Things around here are getting really serious...
this is from this weeks edition of our local community paper- The Flag Pole.
The Drought
What’s Our Next Move?
originally published October 3, 2007
The sad scene at the Bear Creek Reservoir, as of late September.
If the current intense drought continues long enough, Athens-Clarke’s water-saving restrictions will have to move to a final, emergency level, allocating water to specific categories of commercial and industrial users based on how the water is used. Food preparation, for example, might receive a higher priority than other uses, according to Athens-Clarke County (ACC) Manager Alan Reddish. No decisions have yet been reached about how much reduction will be required of various categories of users, although Reddish speculates that at least some reduction might be required from all. “We have never had one of these plans before,” he says - because there hasn’t been a drought severe enough to need one. Also undecided: whether homeowners would also be asked to reduce their usage beyond the current outdoor watering ban.

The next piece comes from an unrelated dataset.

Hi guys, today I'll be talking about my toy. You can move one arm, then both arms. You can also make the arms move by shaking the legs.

Reddish hopes that the current watering ban - intended to reduce water usage by 20 percent - will stretch out existing supplies until rain comes. There is no date certain when water will run out, he says, because “it takes a while for everybody to get the word” about the ban, and demand may still be dropping. Outdoor watering is also banned in Barrow, Oconee and Jackson counties, co-partners in the Bear Creek Reservoir. Athens’ total outdoor watering ban - in place since Sept. 17 - may have bought the county an extra 12 days of reservoir water, Reddish thinks. At current usage rates, reservoir water should last into November. (After that, water could still be pumped from the depleted reservoir, but the remaining water would not be as suitable for treatment. Its taste and color might be affected, ACC Public Utilities Director Gary Duck has said.)
At press time, ACC officials were optimistic that the Georgia Environmental Protection Division would soon be granting Athens a waiver to withdraw up to 15 million gallons per day from the Middle Oconee River for 45 days. Along with county-wide reductions in use, officials hope the additional river water will get us to the end of the calendar year - but they stress that it is not a reason to lighten up on conservation practices. “Having this ability to pump an additional 15 million gallons [per day] by no means suggests that we need to reduce any water restrictions,” Reddish says.

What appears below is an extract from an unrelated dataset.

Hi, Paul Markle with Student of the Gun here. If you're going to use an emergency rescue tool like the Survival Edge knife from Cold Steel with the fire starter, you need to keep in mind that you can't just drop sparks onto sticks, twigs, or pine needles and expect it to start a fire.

At some point, and based on specific technical “triggers” that include soil moisture and reservoir level, ACC Commissioners may be asked to approve an emergency water-rationing plan: the last, most drastic step of the county’s six-step drought management plan. (The first five steps simply required more and more limited hours for outdoor watering, along with a requirement that car washes, plant nurseries and construction sites reduce their water use by 20 percent.) Details of a last-step rationing plan are being discussed by Reddish’s office, the Public Utilities Department, and Jordan, Jones and Goulding, a public-utilities consulting firm, Reddish says. “It would allocate water to the highest-priority uses first, and then, through some sort of hierarchy, allocate less water to other lesser-priority uses,” possibly even cutting some to zero, he says. But nobody in government likes speculating about what the rules would be.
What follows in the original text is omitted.